Zum anderen offenbarte sich spätestens seit den Napoleonischen Feldzügen die kriegswichtige Ressource der Information (über den Gegner, über das Terrain, über geheime Strategien) als unerlässlich, frei nach Bonapartes berühmtem Ausspruch: "Ein Spion am rechten Ort ersetzt 20000 Mann an der Front." Der ab 1835 als "The Great Game" bekannt gewordene Konflikt zwischen Großbritannien und Russland um die Vorherrschaft in Zentralasien gilt weithin als erstes großes Betätigungsfeld institutionalisierter Spionage, die auch erstmals literarisch und damit noch öffentlichkeitswirksamer ihren Niederschlag fand.

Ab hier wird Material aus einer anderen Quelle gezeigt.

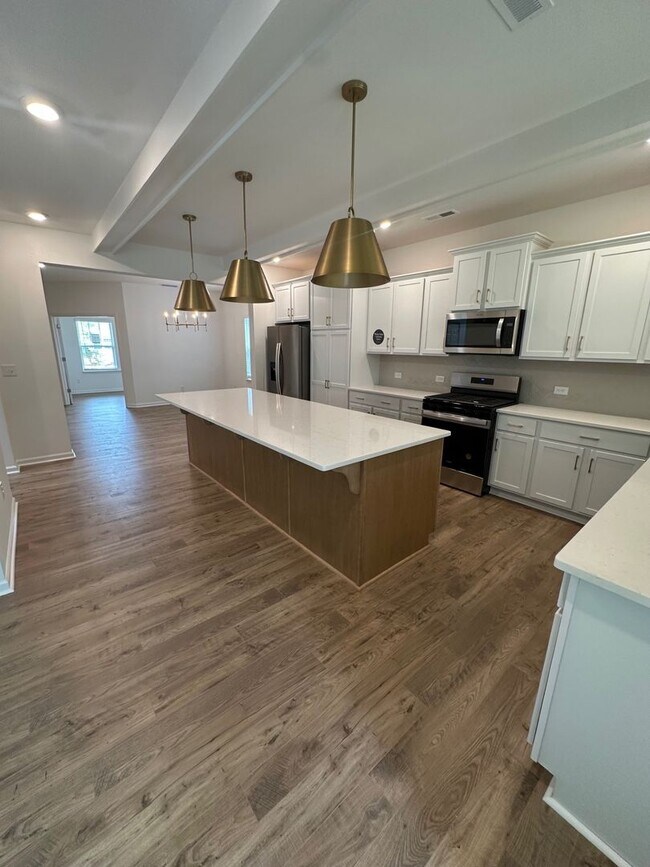 Foto del edificio - NEW 3BD/2.5BTH home on Stonebridge Golf Co...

Mit dem Ersten Weltkrieg erlebte das Nachrichtendienstwesen weiteren Aufschwung: Im Deutschen Kaiserreich wurde beispielsweise die bestehende Sektion der Spionageabwehr zur Abteilung aufgewertet und sowohl personell als auch in ihren Kompetenzen erheblich ausgebaut – trotz der Parole der Unehrenhaftigkeit von Spionage. Ähnlich rüsteten Großbritannien, Russland und weitere Staaten auf diesem Gebiet auf. Die Sicherheitspolitik ganz Europas basierte längst nicht mehr auf den Vereinbarungen des Wiener Kongresses im Jahr 1815, sondern vielmehr auf konkurrierenden und nicht immer stabilen Bündnissen. Diese waren für die jeweils anderen Staaten stets Risikofaktoren und aus dieser Bedrohungslage heraus investierte in erster Linie das Militär in entsprechende Abteilungen, aber auch direkt in Doppel-, Drei- und sogar Vierfachagenten.

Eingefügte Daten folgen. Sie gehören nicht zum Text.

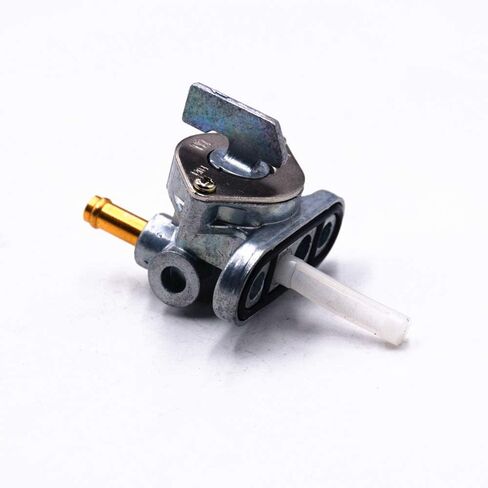 51023-0024 New Gas Tank Fuel Cock Valve Petcock Fits Kawasaki KX65 KX85 KX100 in Saudi Arabia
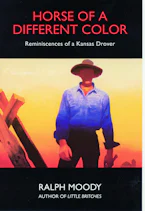 Cover of 'Horse of a Different Color' 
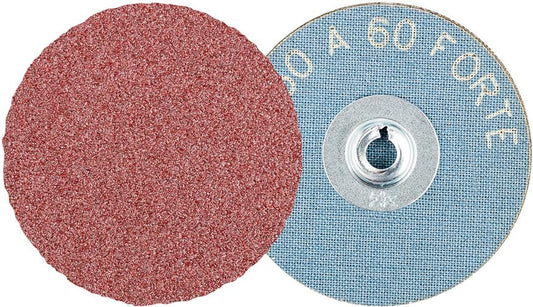 Disc abraziv COMBIDISC CD A-FORTE, 50mm, gran.60, PFERD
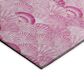 Dalyn Rug Company Seabreeze Animal Print 9" x 12" Blush Area Rug, , large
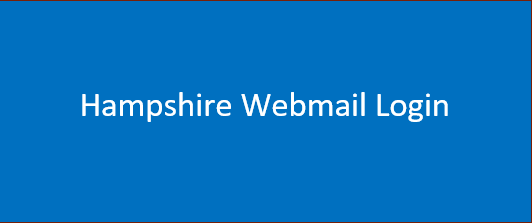 Hampshire Webmail Login | Webmail.hampshire.edu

Parallel dazu wuchs die fiktive Beschäftigung mit Geheimdiensten. Bereits im Vorfeld des Ersten Weltkrieges begründete der Bestseller "The Riddle of the Sands" (1903) von Robert Erskine Childers das Genre des Spionageromans, der literaturwissenschaftlich klar vom Kriminalroman abgegrenzt wird. Als weitere frühe Werke dieser neuen Gattung gelten etwa "The Thirty-Nine Steps" (1915) von John Buchan, aber auch einzelne Geschichten um den Protagonisten Sherlock Holmes von Sir Arthur Conan Doyle ("His Last Bow", 1917). Bis in die Zwischenkriegszeit dominierten britische Autoren den Markt; die Romane behandelten vornehmlich die Gefahr einer Invasion (durch Russland) sowie die distinkte Trennung zwischen einem "zivilisierten" Westeuropa und dem "barbarischen" Osten. Den Vorwurf der politischen Propaganda müssen sich zahlreiche dieser Werke gefallen lassen, wenngleich sich vereinzelt auch gesellschaftskritische Stimmen finden.

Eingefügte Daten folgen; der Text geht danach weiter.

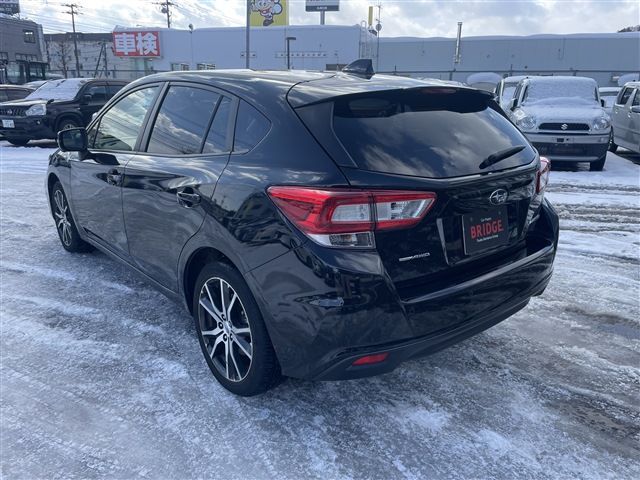 SUBARU IMPREZA SPORT 4WD 2018 Image 31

In Deutschland hielt sich die Begeisterung für Spionagegeschichten bis zum Ende des Zweiten Weltkrieges in Grenzen; Übersetzungen englischsprachiger Bücher wurden zwar verkauft, positiv besetzte deutsche Protagonisten waren allerdings rar. Während des Zweiten Weltkrieges, als sich Nachrichtendienste global etabliert hatten und auch messbare und zur Veröffentlichung geeignete Erfolge vorweisen konnten (etwa die Entschlüsselung der Enigma), erweiterte sich das literarische Feld auf die USA und Frankreich. Trotzdem dürfte zu dieser Zeit der Brite Eric Ambler ("Epitaph for a Spy", 1938; "The Mask of Dimitrios", 1939) der meistverkaufte Autor innerhalb der "Spy Fiction" gewesen sein.

Verschmelzung von Realität und Fiktion

Mit dem Kalten Krieg und der größeren Verbreitung von Unterhaltungsfernsehen im Westen brach jene Zeit an, die bis heute zumindest für viele Deutsche, Briten und US-Amerikaner das Bild von Nachrichtendiensten prägt. Die gefühlte Bedrohung durch die Sowjetunion, das spärliche verlässliche Wissen um die politische Lage und das Gefühl, Spielball zwischen undurchschaubaren weltpolitischen Entwicklungen zu sein, förderten sowohl Angst als auch Interesse vieler Menschen. Die Bewertung der Arbeit von Nachrichtendiensten entfernte sich immer stärker von nüchterner Analyse hin zu Spekulationen, Gerüchten und Verschwörungstheorien.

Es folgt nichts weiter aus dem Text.